### Source material
****
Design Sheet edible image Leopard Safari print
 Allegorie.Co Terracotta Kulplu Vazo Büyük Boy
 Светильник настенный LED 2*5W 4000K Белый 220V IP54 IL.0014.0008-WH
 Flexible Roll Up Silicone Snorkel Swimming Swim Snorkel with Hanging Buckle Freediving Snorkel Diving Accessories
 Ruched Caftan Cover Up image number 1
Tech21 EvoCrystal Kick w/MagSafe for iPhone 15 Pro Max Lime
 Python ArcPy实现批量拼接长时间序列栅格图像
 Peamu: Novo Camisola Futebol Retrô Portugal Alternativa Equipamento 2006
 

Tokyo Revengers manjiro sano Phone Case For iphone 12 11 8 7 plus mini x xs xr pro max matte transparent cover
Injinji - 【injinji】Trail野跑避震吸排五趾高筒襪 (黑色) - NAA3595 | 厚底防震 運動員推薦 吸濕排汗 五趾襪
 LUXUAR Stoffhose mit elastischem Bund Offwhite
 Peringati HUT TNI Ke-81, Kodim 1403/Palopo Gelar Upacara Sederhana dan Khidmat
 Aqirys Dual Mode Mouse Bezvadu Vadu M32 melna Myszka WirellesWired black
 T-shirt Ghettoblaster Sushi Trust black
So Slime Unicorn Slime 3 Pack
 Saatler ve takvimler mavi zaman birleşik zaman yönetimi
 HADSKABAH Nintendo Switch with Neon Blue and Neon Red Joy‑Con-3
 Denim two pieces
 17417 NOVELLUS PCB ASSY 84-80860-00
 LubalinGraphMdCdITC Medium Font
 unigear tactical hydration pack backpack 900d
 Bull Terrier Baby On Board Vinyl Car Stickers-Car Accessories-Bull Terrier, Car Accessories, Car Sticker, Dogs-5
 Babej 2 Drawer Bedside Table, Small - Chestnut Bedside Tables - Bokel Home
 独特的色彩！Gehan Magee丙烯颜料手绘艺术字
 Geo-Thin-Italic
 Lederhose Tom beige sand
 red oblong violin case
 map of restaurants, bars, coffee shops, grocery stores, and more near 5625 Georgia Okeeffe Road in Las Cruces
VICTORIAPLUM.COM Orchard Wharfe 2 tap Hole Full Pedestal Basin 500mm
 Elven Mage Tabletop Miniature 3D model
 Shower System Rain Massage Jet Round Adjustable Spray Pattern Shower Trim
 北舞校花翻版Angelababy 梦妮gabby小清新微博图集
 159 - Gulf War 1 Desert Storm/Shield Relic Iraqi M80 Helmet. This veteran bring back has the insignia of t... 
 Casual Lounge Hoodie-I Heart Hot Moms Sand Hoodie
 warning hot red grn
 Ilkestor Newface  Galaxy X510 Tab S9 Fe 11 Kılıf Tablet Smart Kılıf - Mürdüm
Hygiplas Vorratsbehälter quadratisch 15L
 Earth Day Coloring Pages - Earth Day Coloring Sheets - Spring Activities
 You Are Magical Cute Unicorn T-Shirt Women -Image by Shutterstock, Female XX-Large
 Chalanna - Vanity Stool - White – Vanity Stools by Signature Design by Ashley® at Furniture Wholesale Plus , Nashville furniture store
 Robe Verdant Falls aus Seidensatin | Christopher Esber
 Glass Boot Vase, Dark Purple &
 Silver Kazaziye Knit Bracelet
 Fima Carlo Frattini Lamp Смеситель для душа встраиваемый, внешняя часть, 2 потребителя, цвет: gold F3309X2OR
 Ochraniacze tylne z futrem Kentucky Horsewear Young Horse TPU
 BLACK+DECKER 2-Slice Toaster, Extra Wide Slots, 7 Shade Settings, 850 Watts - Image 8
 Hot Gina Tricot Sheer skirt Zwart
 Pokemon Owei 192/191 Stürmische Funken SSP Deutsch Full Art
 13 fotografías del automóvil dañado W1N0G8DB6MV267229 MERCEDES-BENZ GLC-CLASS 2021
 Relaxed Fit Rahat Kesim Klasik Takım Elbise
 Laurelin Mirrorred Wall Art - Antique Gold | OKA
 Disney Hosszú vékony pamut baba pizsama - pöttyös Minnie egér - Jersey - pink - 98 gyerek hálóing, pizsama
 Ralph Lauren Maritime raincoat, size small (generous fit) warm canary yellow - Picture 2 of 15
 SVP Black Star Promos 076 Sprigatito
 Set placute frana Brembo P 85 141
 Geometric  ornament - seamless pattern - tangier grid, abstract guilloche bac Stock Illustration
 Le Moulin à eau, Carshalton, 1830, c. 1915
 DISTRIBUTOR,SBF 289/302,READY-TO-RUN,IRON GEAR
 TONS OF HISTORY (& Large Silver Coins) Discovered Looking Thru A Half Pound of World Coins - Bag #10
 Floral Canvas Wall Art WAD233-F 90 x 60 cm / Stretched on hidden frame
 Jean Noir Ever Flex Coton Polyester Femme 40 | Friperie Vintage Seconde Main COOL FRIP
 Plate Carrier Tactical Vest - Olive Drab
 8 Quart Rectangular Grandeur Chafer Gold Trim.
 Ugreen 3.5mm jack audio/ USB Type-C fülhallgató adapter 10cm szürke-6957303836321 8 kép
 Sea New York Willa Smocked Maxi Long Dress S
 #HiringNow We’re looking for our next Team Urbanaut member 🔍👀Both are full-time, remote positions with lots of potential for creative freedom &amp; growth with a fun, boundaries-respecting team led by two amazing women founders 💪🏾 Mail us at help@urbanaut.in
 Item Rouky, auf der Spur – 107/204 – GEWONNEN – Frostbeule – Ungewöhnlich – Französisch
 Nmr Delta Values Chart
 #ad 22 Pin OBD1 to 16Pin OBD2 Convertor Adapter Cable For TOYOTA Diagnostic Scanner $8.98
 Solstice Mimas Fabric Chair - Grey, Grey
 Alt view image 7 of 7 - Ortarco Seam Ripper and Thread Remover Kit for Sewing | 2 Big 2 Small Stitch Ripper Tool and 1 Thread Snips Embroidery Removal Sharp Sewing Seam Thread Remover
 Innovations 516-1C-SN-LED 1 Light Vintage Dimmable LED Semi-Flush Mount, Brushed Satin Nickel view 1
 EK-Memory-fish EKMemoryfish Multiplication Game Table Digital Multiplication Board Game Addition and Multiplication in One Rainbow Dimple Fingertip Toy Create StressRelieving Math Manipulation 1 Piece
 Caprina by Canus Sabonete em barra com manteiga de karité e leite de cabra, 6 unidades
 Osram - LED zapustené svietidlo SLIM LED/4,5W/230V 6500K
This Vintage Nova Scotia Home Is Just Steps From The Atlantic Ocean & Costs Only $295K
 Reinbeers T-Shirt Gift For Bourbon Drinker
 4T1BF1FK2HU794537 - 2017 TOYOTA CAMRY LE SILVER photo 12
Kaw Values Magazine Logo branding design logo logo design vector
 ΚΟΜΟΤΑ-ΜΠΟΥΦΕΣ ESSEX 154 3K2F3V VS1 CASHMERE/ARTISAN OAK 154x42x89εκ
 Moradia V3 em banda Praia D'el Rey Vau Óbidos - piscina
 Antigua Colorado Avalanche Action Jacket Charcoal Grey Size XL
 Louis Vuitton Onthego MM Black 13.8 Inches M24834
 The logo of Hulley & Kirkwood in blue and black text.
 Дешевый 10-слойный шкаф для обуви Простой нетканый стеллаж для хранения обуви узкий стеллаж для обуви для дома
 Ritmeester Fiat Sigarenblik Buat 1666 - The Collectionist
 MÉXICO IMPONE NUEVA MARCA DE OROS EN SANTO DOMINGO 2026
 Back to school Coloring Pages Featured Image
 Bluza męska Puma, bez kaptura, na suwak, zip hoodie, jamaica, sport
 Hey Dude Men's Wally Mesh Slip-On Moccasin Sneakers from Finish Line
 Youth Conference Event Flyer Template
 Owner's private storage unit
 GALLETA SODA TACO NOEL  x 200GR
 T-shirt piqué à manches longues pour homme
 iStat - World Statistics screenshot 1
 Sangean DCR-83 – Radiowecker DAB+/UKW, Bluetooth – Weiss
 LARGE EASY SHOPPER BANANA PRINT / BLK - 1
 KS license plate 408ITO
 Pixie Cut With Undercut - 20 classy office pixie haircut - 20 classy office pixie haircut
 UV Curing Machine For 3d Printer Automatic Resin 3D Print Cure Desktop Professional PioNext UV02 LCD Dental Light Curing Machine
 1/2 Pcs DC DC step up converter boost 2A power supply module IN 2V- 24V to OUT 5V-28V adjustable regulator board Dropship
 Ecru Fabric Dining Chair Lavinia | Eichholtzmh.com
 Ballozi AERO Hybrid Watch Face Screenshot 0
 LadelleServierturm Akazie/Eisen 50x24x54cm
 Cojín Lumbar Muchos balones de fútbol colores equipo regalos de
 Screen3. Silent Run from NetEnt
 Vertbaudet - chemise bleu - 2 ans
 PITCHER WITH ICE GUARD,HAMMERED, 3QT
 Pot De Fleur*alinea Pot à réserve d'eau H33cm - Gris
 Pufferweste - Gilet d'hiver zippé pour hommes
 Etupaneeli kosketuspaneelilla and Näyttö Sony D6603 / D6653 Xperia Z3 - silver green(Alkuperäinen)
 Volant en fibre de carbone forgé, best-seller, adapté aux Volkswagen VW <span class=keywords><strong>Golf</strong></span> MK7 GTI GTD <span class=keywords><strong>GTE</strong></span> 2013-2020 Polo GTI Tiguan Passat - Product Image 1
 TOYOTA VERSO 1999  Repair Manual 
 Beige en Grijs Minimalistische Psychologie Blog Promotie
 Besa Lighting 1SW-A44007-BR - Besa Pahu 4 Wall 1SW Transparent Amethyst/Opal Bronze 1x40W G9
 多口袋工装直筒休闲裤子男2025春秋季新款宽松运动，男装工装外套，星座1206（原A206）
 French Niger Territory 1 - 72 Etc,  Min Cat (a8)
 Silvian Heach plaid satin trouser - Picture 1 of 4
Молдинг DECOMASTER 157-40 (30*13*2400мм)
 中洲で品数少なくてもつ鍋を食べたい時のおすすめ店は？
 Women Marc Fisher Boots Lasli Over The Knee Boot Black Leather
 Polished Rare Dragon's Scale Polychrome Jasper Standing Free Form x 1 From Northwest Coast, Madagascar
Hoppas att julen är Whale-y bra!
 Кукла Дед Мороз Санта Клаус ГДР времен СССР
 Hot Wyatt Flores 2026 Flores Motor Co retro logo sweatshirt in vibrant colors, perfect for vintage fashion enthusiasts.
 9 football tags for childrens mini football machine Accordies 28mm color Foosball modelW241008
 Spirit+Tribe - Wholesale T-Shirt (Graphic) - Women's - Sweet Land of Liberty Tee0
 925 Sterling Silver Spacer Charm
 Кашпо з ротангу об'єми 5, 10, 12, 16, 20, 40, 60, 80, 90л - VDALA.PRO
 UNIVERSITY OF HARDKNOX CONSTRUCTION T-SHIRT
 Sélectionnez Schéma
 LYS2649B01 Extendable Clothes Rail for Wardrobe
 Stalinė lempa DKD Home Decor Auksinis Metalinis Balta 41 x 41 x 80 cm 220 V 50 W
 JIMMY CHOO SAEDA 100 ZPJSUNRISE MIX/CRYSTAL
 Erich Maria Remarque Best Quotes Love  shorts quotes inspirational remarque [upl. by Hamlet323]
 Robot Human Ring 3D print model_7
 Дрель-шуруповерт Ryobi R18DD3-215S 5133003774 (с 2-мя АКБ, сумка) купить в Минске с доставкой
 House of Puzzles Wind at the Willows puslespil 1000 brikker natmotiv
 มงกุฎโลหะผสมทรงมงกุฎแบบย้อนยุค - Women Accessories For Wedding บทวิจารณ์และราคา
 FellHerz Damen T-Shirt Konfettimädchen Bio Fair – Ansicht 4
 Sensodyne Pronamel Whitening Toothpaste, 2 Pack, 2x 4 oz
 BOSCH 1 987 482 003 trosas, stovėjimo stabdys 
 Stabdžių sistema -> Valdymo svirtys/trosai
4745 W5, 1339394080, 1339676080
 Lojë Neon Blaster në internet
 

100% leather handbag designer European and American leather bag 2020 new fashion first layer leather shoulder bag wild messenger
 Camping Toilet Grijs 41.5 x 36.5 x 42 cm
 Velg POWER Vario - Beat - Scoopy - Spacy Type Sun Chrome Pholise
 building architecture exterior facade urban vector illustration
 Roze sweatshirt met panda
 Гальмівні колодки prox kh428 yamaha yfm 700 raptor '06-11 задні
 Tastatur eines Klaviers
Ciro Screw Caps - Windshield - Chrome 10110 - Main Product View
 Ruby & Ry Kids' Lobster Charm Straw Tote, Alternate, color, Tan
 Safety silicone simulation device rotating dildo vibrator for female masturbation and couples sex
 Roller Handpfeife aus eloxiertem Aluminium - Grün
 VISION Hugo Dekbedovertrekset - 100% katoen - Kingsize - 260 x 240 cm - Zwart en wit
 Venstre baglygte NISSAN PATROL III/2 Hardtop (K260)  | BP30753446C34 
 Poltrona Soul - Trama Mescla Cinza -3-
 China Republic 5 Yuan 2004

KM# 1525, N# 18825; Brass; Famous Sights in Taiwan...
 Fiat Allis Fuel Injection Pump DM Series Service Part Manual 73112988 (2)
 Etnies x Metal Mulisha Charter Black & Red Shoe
****
### Problem to work on
Exactly as they appear, please write out the lines from the opening of the listing above down to the line containing "Peamu: Novo Camisola", with both end lines included.

### Exercise result
Design Sheet edible image Leopard Safari print
 Allegorie.Co Terracotta Kulplu Vazo Büyük Boy
 Светильник настенный LED 2*5W 4000K Белый 220V IP54 IL.0014.0008-WH
 Flexible Roll Up Silicone Snorkel Swimming Swim Snorkel with Hanging Buckle Freediving Snorkel Diving Accessories
 Ruched Caftan Cover Up image number 1
Tech21 EvoCrystal Kick w/MagSafe for iPhone 15 Pro Max Lime
 Python ArcPy实现批量拼接长时间序列栅格图像
 Peamu: Novo Camisola Futebol Retrô Portugal Alternativa Equipamento 2006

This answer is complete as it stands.